Who’s Afraid of Experimental Dance?

Art

27.02.2019

Who’s Afraid of Experimental Dance?

Victoria Wynne-Jones attends Experimental Dance Week at the Basement Theatre.

The following actions are important to allow for full immersion into the audience experience which you are about to encounter. 

Each action represents an empathetic response that is common while watching contemporary dance. 

It is important that we release these urges before we enter the theatre, so as not to disturb the performers...

So intones artist Christina Houghton within her installation Healing safely: taking care, a series of instructions designed to prepare those who are about to experience experimental dance. In the instructional video Preparation 1. Pre-show briefing, set up in the foyer of the Basement Theatre, Houghton sits within an orange-coloured environment in a high-vis vest.
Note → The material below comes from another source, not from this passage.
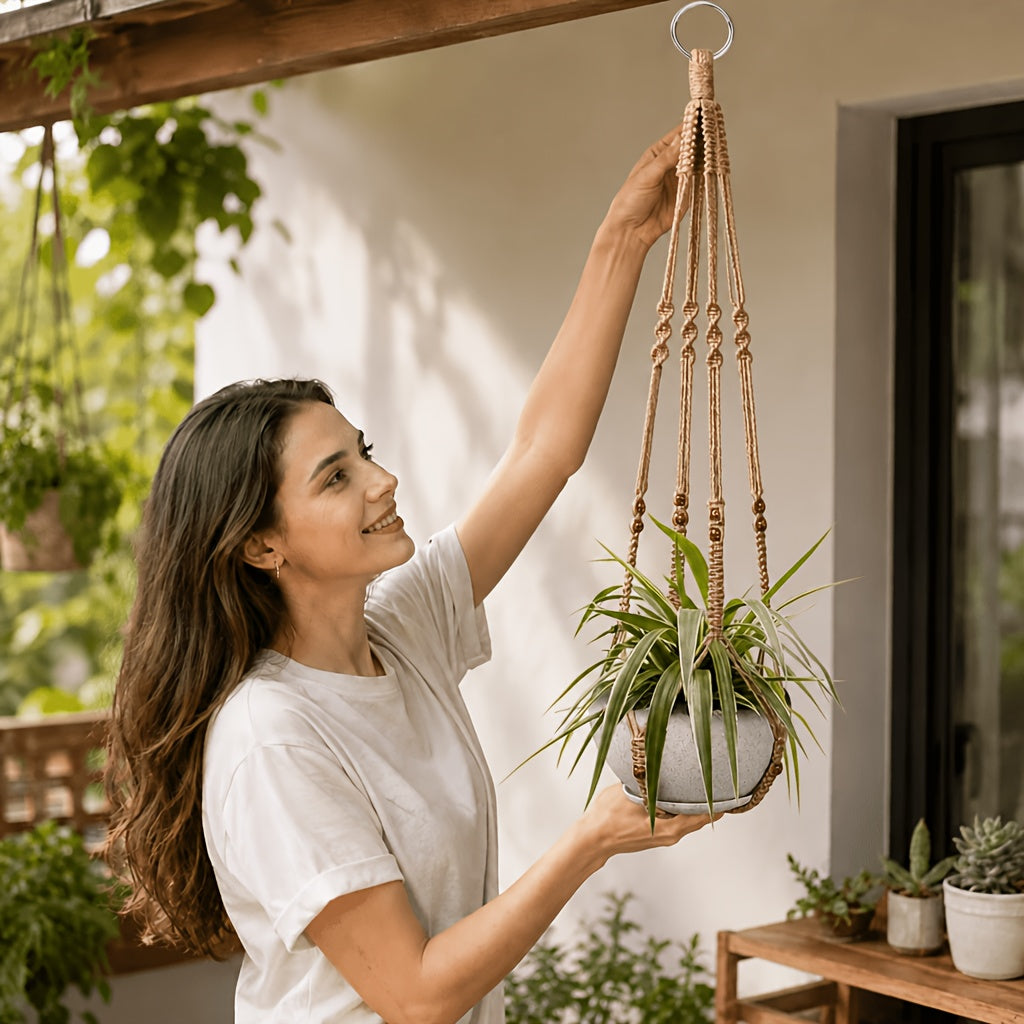 Suspension pour plante en macramé à perles — lot de 2, 80 cm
In her best flight attendant voice, she guides prospective audience members:

You may find it difficult to keep your facial expressions to a neutral position. 

You may experience surprise, laughter or confusion…boredom may also be a factor. 
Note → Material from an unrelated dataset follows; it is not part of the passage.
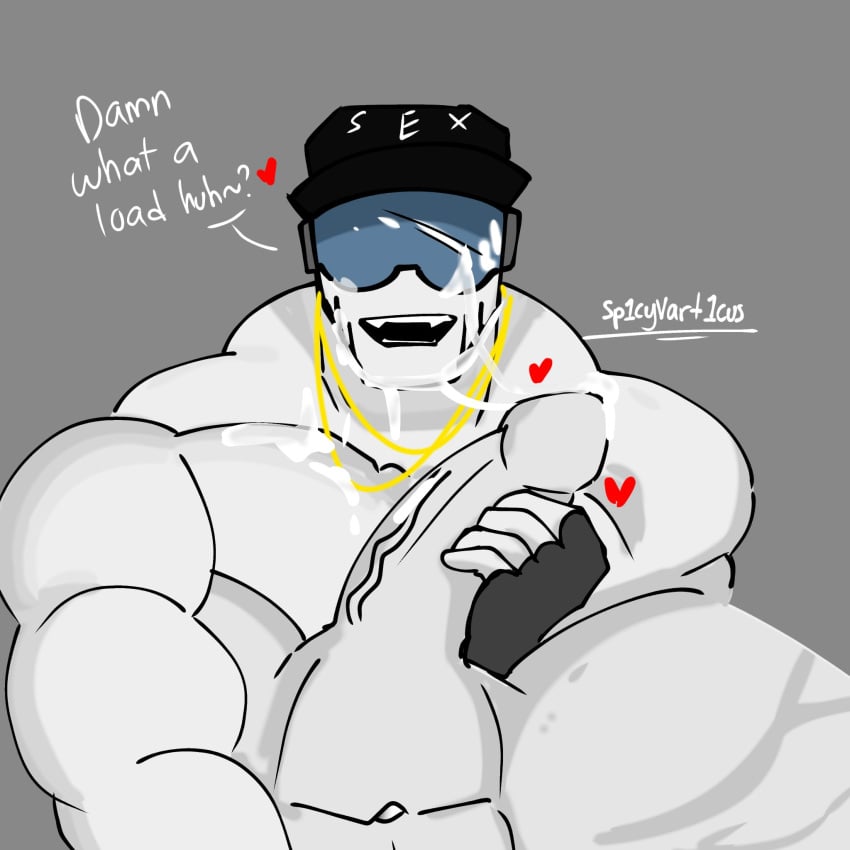 bara big_penis cap collar cum_on_face fingerless_gloves gay hzin_(lustfulsai) lustfulsai masked_male veiny_penis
Particularly in experimental dance, you may encounter a horizontal position as opposed to a vertical position.

 There may be a large quantity of stillness or periods of the performance where there is actually no music or it does not appear to be dance.
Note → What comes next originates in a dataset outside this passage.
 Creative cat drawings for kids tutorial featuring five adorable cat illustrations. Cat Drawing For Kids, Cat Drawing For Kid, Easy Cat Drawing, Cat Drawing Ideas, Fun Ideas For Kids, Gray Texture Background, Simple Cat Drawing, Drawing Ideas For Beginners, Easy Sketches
Houghton’s work is firmly tongue-in-cheek, yet it also acknowledges a very real fear – or at least, robust scepticism – about the very concept of experimental dance. Healing safely: taking care was presented as part of Experimental Dance Week Aotearoa NZ, a series of events that occurred across venues in Central Auckland in early February of this year. Organised by Alexa Wilson, a New Zealander currently based in Berlin, the festival was a celebration of works and practices that challenge received notions about what dance should be. In Aotearoa, experimental dance is inflected by a counter-colonial impetus, one that challenges a teleological story about dance developing from the Western European form of ballet, to formal and modernist experiments conducted in the US, post-modern movements, and back to Europe again with contemporary dance created by choreographers in large city centres like Berlin and Brussels. According to this narrative, practices that take place outside of this trajectory are designated as ‘other,’ ‘folk,’ ‘global’ and peripheral. Although the majority of the artists involved in this festival hold such stories within their bodies as part of their training in Western dance, each of their performances produced specific and nuanced dance experiments with the aid of bodies and voices, whether live or recorded. As explained by Wilson in a recent interview, even though ‘experimental dance’ may evoke fear or discomfort, she envisages the term ‘experimental’ to mean work that ‘reflects what is contemporary.’ Wilson states:

This work is often subtle, or clever, perhaps quite genuine and brave in its expression – finding ways to do and say things that are not mainstream. This can be daunting or challenging for some people. Someone feeling uncomfortable, questioned or challenged, is a probably a trademark of experimental work. Simultaneously one can feel invigorated, excited, activated, moved and inspired by it. It reflects what is contemporary.

*

The opening weekend, with its Wānanga Kanikani X organised by Rachel Ruckstuhl-Mann, foregrounded a broad range of activities, rather than just theatre-based performances. The wānanga brought together the experimental dance community for a series of workshops and exchanges on improvisation, parenting and storytelling in the context of its core principles of manaakitanga, whakawhanaungatanga and kaitiakitanga. While large pots of dal bubbled on the kitchen stove, small hands grabbed blueberries and carefully drew on large sheets of paper, dancers chatted and stretched on the floor or smoked cigarettes on the front porch in the sun. It is no coincidence that the event was held at the Old Folks Association Hall (OFA) on Gundry Street, for this modest, accessible venue and rehearsal space plays a crucial role in the experimental dance community. The weekend ended with a panel discussion facilitated by technician, choreographer and OFA facilitator Sean Curham on “Art and Money.” Indeed, one of the outcomes of the discussion was an acknowledgement of just how important spaces like the OFA are for experimental practitioners trying to make work in a city like Tāmaki Makaurau, with its cripplingly high living costs.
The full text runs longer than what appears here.